**INSTRUCTIONS FOR THE TASK**
Pictures in the data should be dropped; transcribe exactly the lines from the one that has "MGC122 - Acrylic Knit Toque with Ribbed Hem" through the one that has "See the Snorkeling at Black Rock Collection".

**INFORMATION**
● ● ● ●

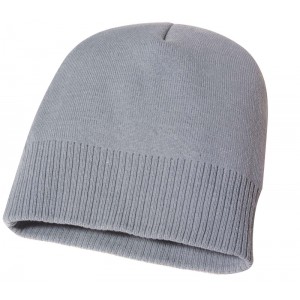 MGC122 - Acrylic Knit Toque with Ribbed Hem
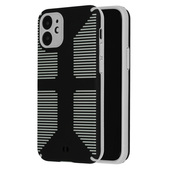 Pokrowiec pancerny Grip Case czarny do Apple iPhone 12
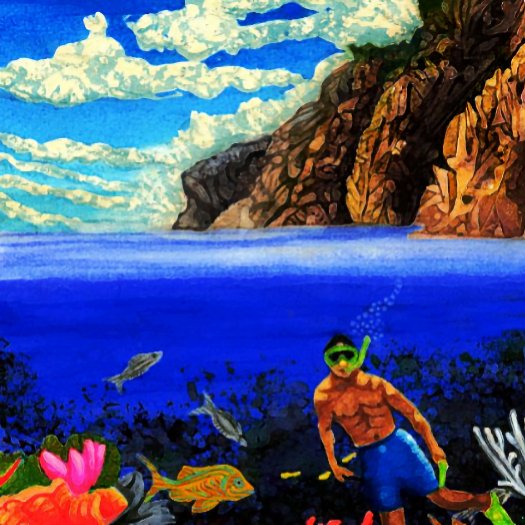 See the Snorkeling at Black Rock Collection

● ● ● ●

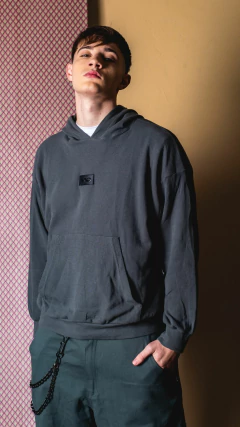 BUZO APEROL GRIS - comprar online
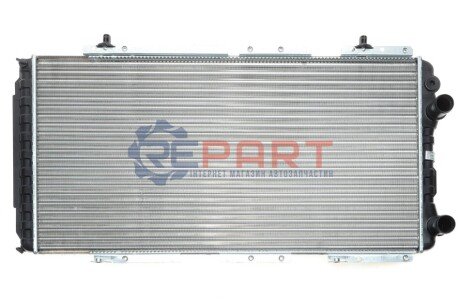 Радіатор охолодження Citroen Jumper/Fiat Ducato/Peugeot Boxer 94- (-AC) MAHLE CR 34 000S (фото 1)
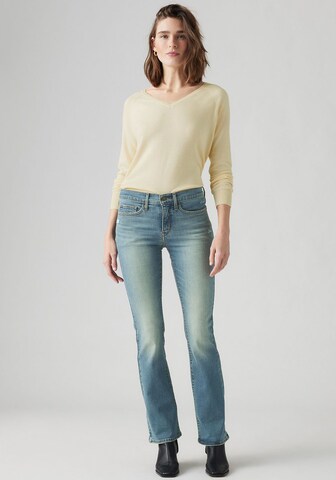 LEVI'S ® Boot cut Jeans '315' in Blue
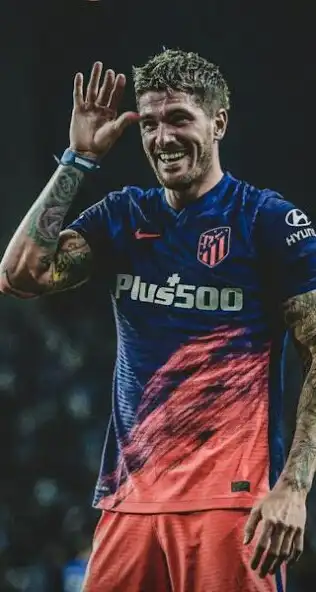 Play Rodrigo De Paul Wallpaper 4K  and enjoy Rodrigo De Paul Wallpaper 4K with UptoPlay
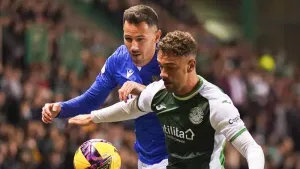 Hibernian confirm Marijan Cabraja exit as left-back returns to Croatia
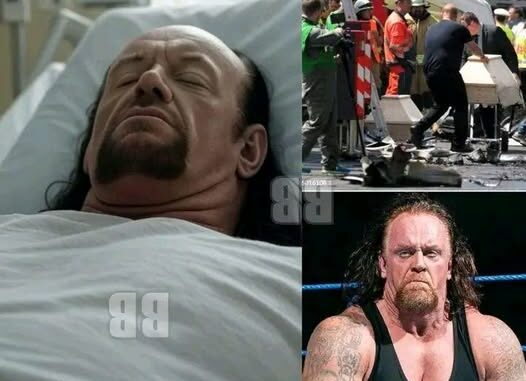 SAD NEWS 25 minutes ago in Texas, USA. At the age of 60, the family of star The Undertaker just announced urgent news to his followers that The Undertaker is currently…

● ● ● ●

**YOUR SOLUTION**
 MGC122 - Acrylic Knit Toque with Ribbed Hem
 Pokrowiec pancerny Grip Case czarny do Apple iPhone 12
 See the Snorkeling at Black Rock Collection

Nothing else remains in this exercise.